Impadronitisi della cannoniera, i briganti incominciarono a scorrazzare per il lago. Scendono a Lecco dove attraccano e si impadroniscono di un grosso carro da trasporto che serviva per rifornire armi e vettovaglie con quattro cavalli. Al ritorno intercettano due gondole che trasportava prigionieri austriaci che vengono liberati. Un'altra barca viene intercettata con a bordo un ufficiale cisalpino, certo Calvo Calvi, che viene fatto prigioniero e portato a Menaggio. Mentre sono a Menaggio vengono a conoscenza che un forte contingente dell'esercito francese stava discendendo il lago dalle parti di Dongo.
La battaglia di Dongo
In quegli stessi giorni, con l'avanzata dell'esercito austriaco, le truppe francesi avevano iniziato la ritirata. Un forte contingente di circa 5.000 uomini comandato dal generale Lecombè scendeva dalla Valtellina proveniente dal Tirolo con l'intenzione di trovare una via di fuga per ricongiungersi al grosso dell'armata.Il 30 aprile tentò la via del passo San Jorio, ma si dovette desistere per la presenza di neve.

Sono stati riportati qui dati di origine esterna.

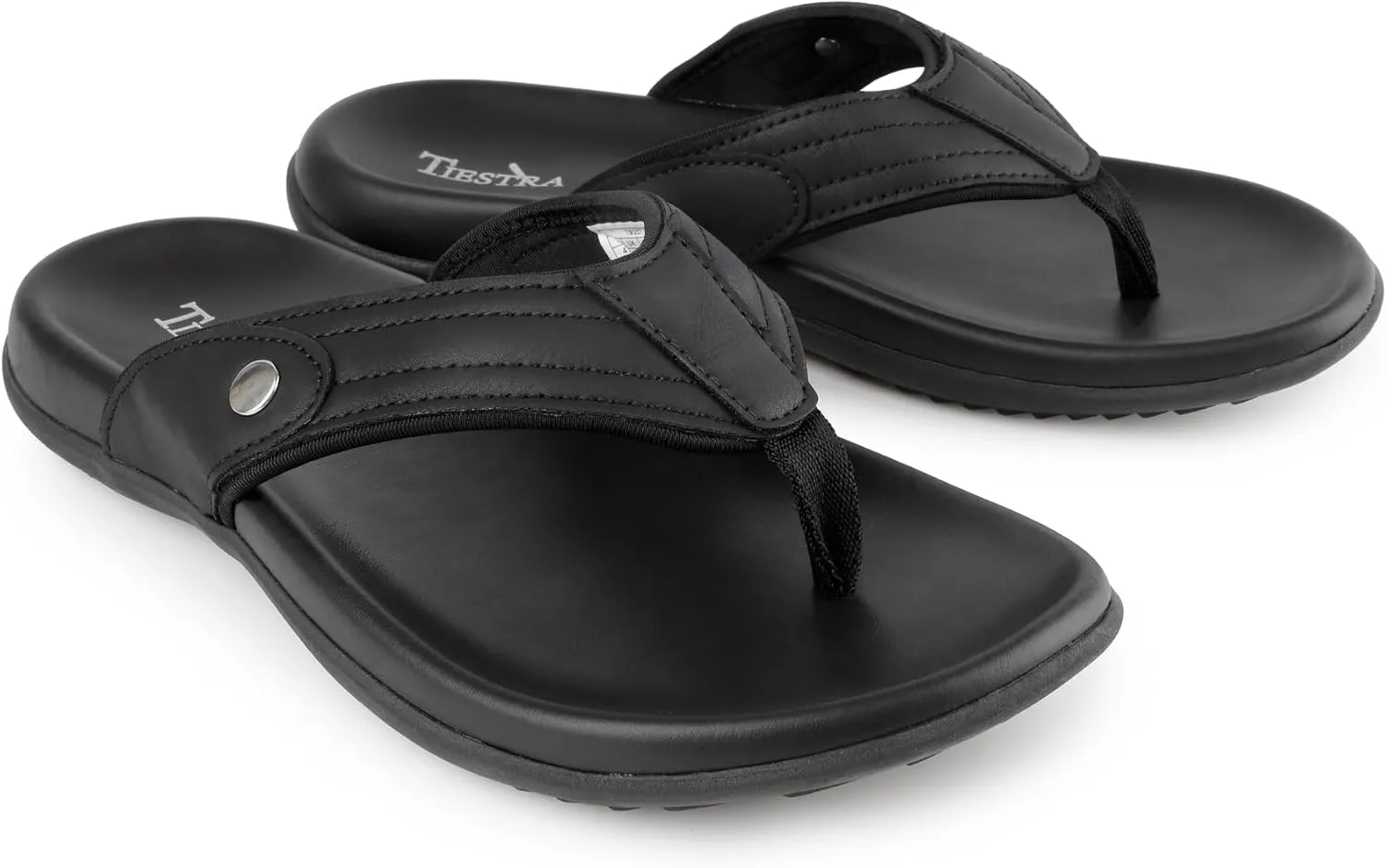 Ultra Soft Cushion Beach Flip Flops with Arch Support Thick Sport Sandals for Men Comfort Casual Thong Sandal Slip On Indoor Outdoor Durable Outsole, Water Friendly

Mentre i soldati stazionavano a Dongo, i briganti comandati dal Carcini e dal Biacchi decisero di contrastare i piani dei francesi. Riuscirono a radunare un numero di rivoltosi stimato superiore ai 3.000 uomini, provenienti anche dalla Val Menaggio e dalla Val d'Intelvi, si arroccarono sulle rovine del castello di Musso e, distrutto il ponte della Vallorba, decisero di impedire il passo alla ritirata dei francesi.
Il conflitto durò per diversi giorni, fino al 6 maggio. I briganti riuscirono nel loro intento, grazie anche all'aiuto della barca cannoniera che, sotto la guida del Capelli, si era ancorata nelle acque antistanti Dongo e bombardava le truppe. Un ufficiale che comandava a cavallo cadde ucciso da una fucilata.
Note
^"il padrone della val Brembana" in dialetto bergamasco.
^Pietro Pensa, Noi gente del Lario, Cairoli ed. Como, 1982, pag 437.
^R. Cairoli, L. Minoretti, Il risorgimento nell'antica provincia di Como, Crea libri, Como, 2011, pag 24.
^alcune fonti riportano con un colpo d'archibugio, altre a pugnalate.
Bibliografia
Francesco della Torre di Rezzonico, L'Armata cattolica e i briganti della Montagna di Rezzonico, 1818, in: Gabriele Pagani, Briganti nelle terre del ducato, Milano, Edlin, 2001, pp. 41ss, ISBN88-87093-06-7.
Antonio Balbiani, I banditi della montagna di Rezzonico, Almanacco Provinciale, Como, 1881-1882.
G. Carimati, Storia di Plesio, Brescia, Vannini ed., 1949.
G. Brivio, I briganti del Lario, in Communitas, CSSVM, Menaggio, 1982.